Records for processing
============================================================

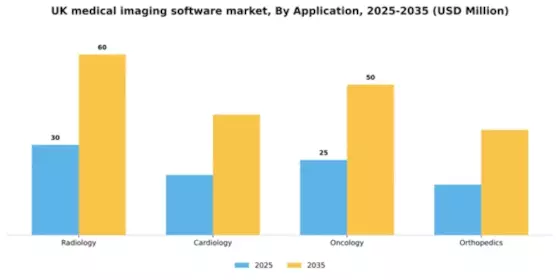 UK Medical Imaging Software Market Segment Image 0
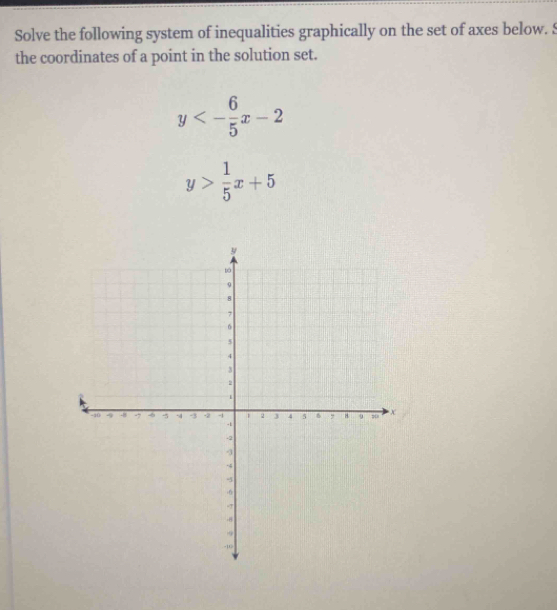 Solve the following system of inequalities graphically on the set of axes below. S
the coordinates of a point in the solution set.
y<- 6/5 x-2
y> 1/5 x+5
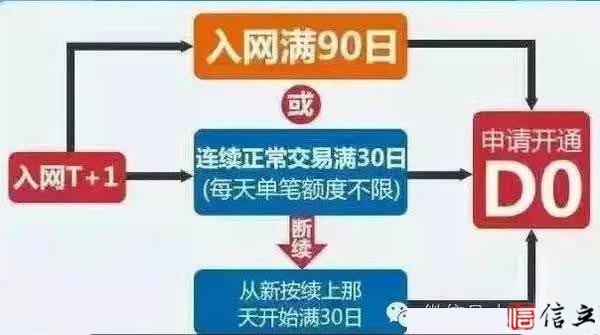 央行新规：不得为入网不满90日的商户T+0资金结算服务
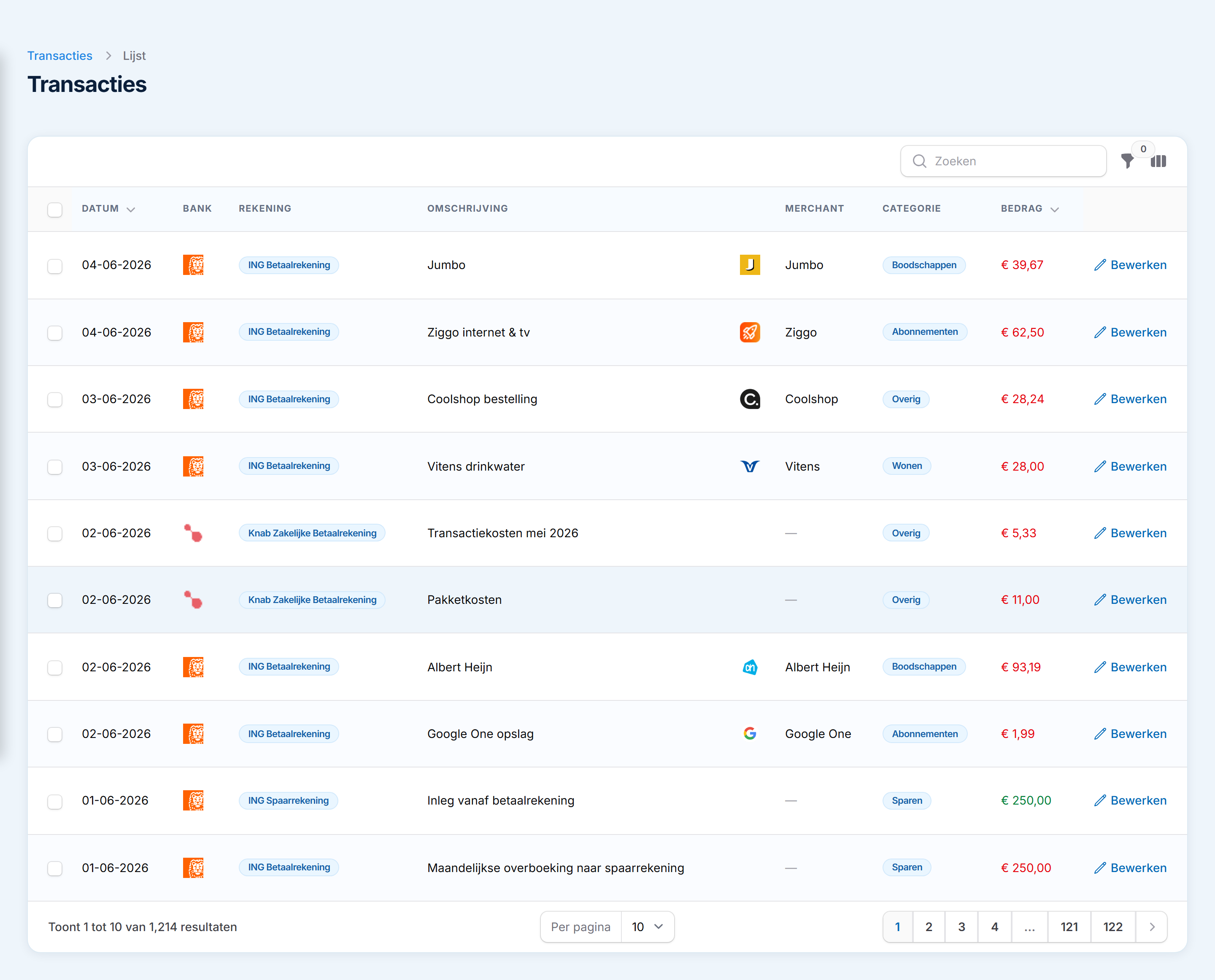 Transacties — BankBird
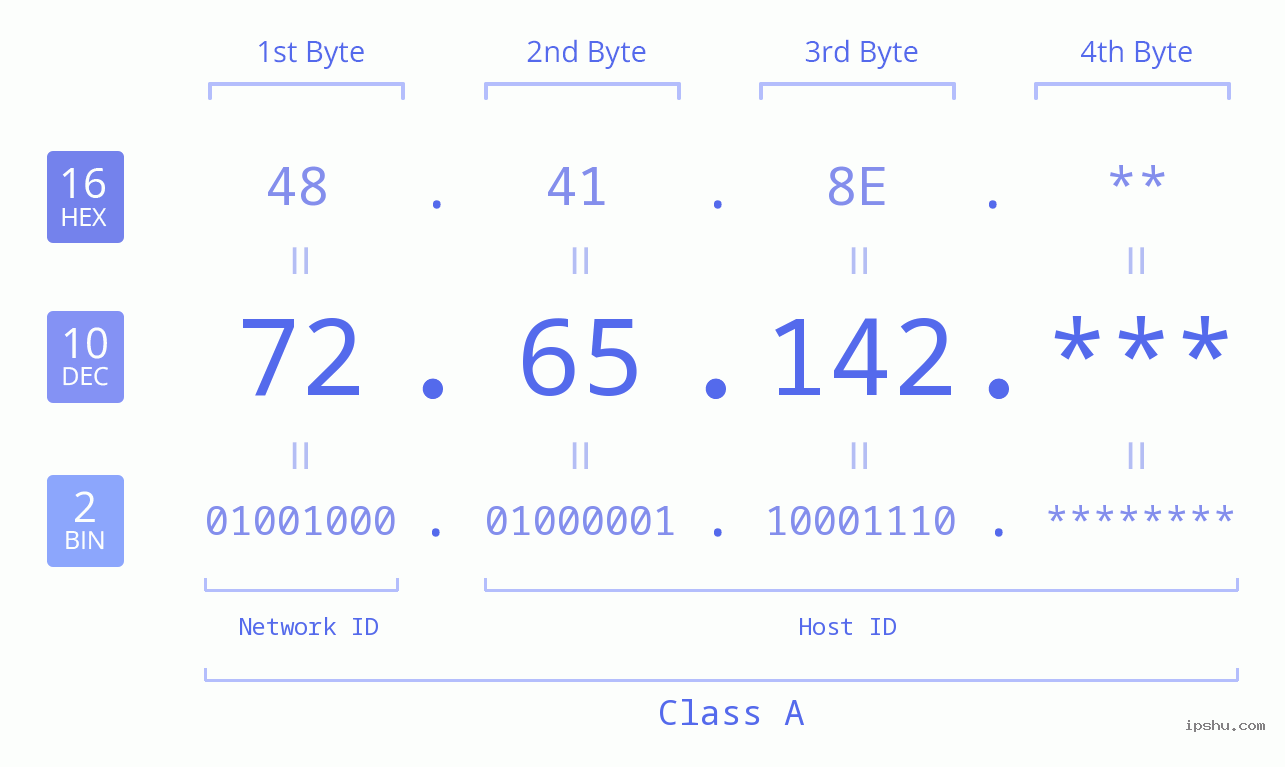 IP Address: 72.65.142 Data Structure Chart BIN DEC HEX IPv4: 72.65.142 Network Class, Net ID, Host ID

============================================================

What you give back must be exactly the lines of the listing above from the line containing "the coordinates of" through its last line, inclusive, without pictures, please.

the coordinates of a point in the solution set.
y<- 6/5 x-2
y> 1/5 x+5
 央行新规：不得为入网不满90日的商户T+0资金结算服务
 Transacties — BankBird
 IP Address: 72.65.142 Data Structure Chart BIN DEC HEX IPv4: 72.65.142 Network Class, Net ID, Host ID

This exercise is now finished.